招待したのはディアだけだが、エメラも用心深い。
罠かもしれないパーティーに、ディア一人を行かせるような事はしない。
それもイリアの想定範囲内で、余裕は崩れない。

「アタシはディアと二人きりになるから、アンタはエメラを足止めして」
「え!?足止めって、どうすんだよ!?」
「しっ!来るわよ」

前方から、ディアとエメラが歩いて近付いてくる。
数メートル手前の距離になった所でエメラは立ち止まり、ディアだけが歩を進める。
コランの正面まで来ると、ディアは一礼した。

「コラン王。

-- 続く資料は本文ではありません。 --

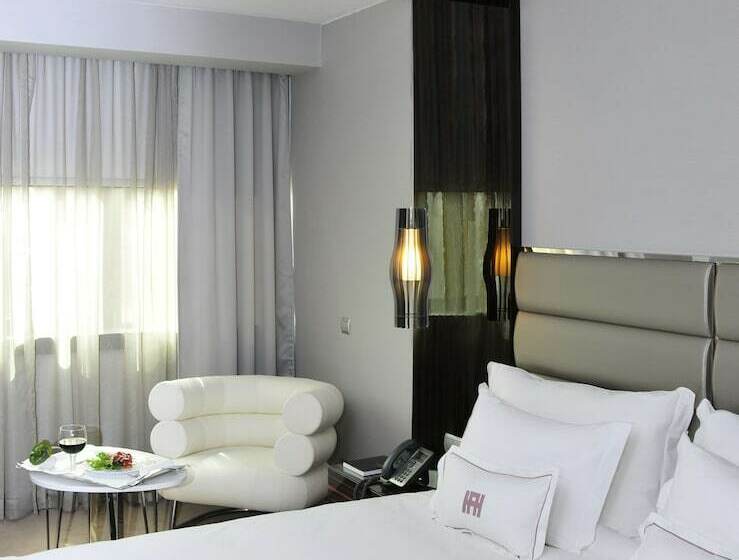 اتاق لوکس, Altis Grand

この度はご招待頂き、ありがたく存じます」
「あ、お、おう!よく来たな、ディア……じゃなかった、アディ王!!」

しどろもどろで頼りないコランを、隣のイリアがジト目で見ている。
アディの丁寧な言葉遣いと所作は、いつものディアと変わりない印象だ。
だが記憶を封印されているため、コランに対しても初対面のように話してくる。
アディから『コラン王』と呼ばれて、悪い気はしないコランであった。
次に、アディはイリアの正面に立って一礼する。

「アイリ王女。先日のご無礼、何卒お許し願いたい」
「ふん、礼儀は弁えているようね」

他人行儀なアディの謝罪に、イリアは素っ気なく返した。
ご機嫌取り、社交辞令なのは見え見えだ。